Entgeltgleichheit, gleicher Lohn für gleiche Arbeit, Gender Pay Gap, Equal Pay Day – wie auch immer Sie dieses Problem beschreiben, es ist ein großes Ärgernis. Es ist zutiefst ungerecht – da hat die Kollegin Gnadl recht, und da hat auch die Kollegin Ravensburg recht –, dass Frauen in vielen Bereichen immer schlechter bezahlt werden als Männer. Das Statistische Bundesamt hat ermittelt, dass Frauen 2015 im Schnitt 21 % weniger verdient haben als Männer, wobei die Quote bei uns im Westen noch einmal deutlich schlechter ist als in den Ostländern. In den Ostländern sind es nur 8 %. Diese niedrige Quote sorgt dafür, dass wir gesamtdeutsch bei 21 % landen.

Jetzt kann man lange darüber streiten, ob diese Lohnlücke bereinigt oder unbereinigt diskutiert werden muss.
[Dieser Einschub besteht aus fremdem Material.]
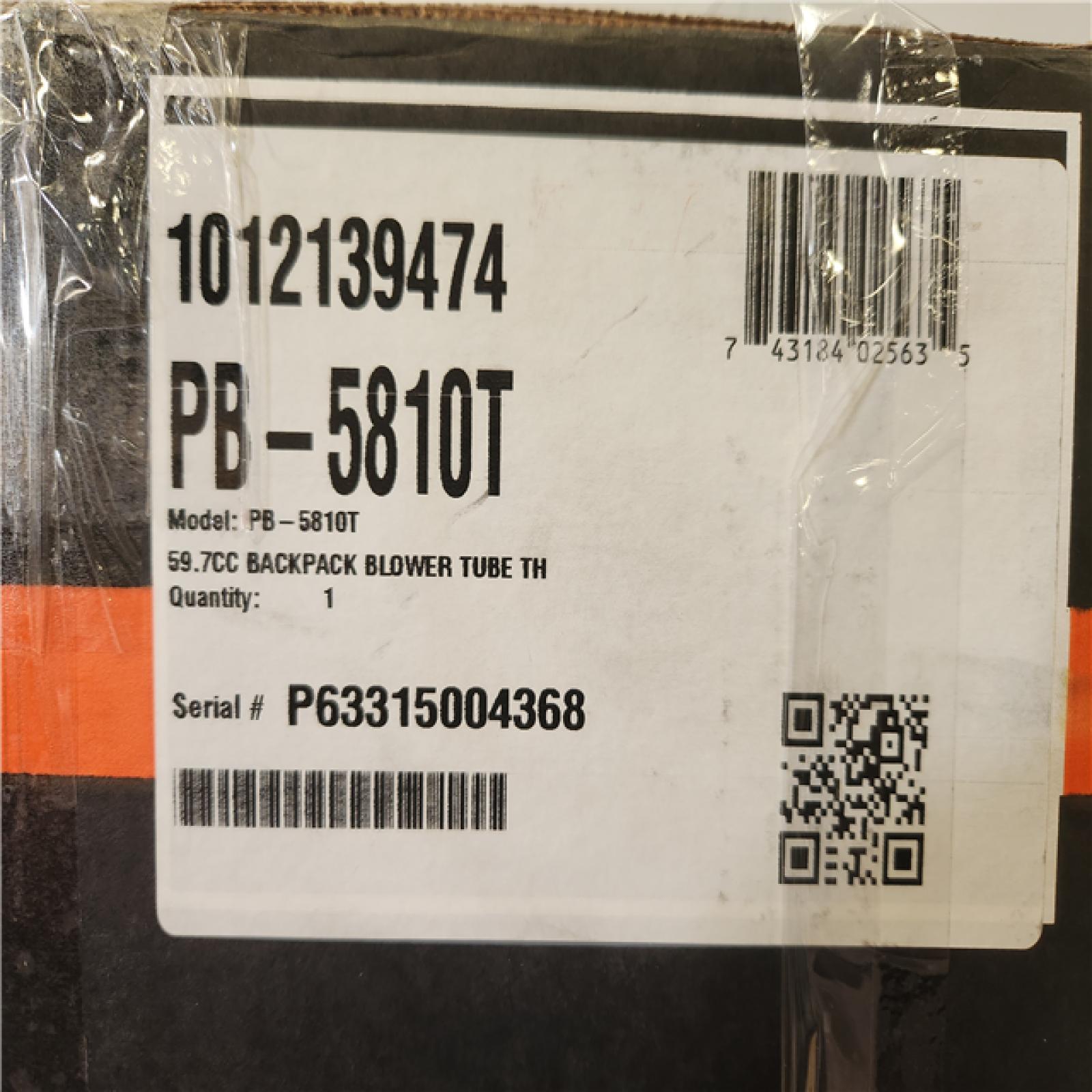 Phoenix NEW ECHO 200 MPH 700 CFM 59.7 cc Gas Low Exhaust Emission Engine Backpack Leaf Blower with Tube-Mounted Throttle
Fest steht, dass es nicht sein darf und nicht sein kann, dass Frauen für vergleichbare Arbeit weniger Lohn bekommen als Männer.

(Beifall bei dem BÜNDNIS 90/DIE GRÜNEN und der CDU)
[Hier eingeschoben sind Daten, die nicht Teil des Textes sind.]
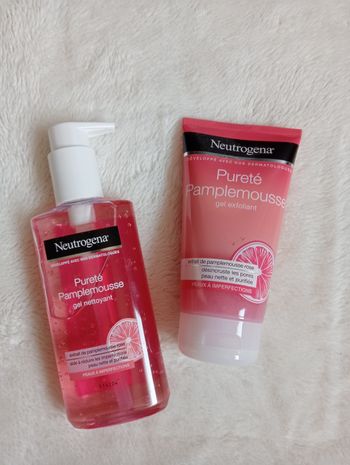 Gel nettoyant et gel exfoliant pureté pamplemousse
Daher ist es gut, dass jetzt begonnen werden soll, einen Regelungsrahmen zu schaffen, der solche Ungerechtigkeiten aufdecken helfen und dafür sorgen soll, dass diese Ungerechtigkeit sich verschmälert.

Ich formuliere bewusst vorsichtig an dieser Stelle; denn bisher kenne ich nur Presseerklärungen über die Eckpunkte, auf die sich das Bundeskabinett in Berlin geeinigt hat. Ich kenne noch keinen Gesetzentwurf. Ich sehe ihm aber mit einer gewissen Spannung entgegen. Es gibt die üblichen Befürchtungen von allen Seiten, wir haben sie heute hier auch gehört.

Die einen sagen, es ist bürokratisch, es ist gar nicht nötig, und überhaupt seien die Frauen teilweise selbst schuld, weil sie die falschen Berufe wählen und weil sie sich für Teilzeit entscheiden. Das haben wir in dieser Form von der FDP heute gehört.

Auf der anderen Seite gibt es die Menschen, die sagen: Es geht längst nicht weit genug. Es müsste viel mehr gemacht werden. Es fehlt noch viel zu viel. Der Schritt ist zu kurz. Es fehlt auch noch ein Verbandsklagerecht. Die Diskussion kennen wir auch aus Hessen.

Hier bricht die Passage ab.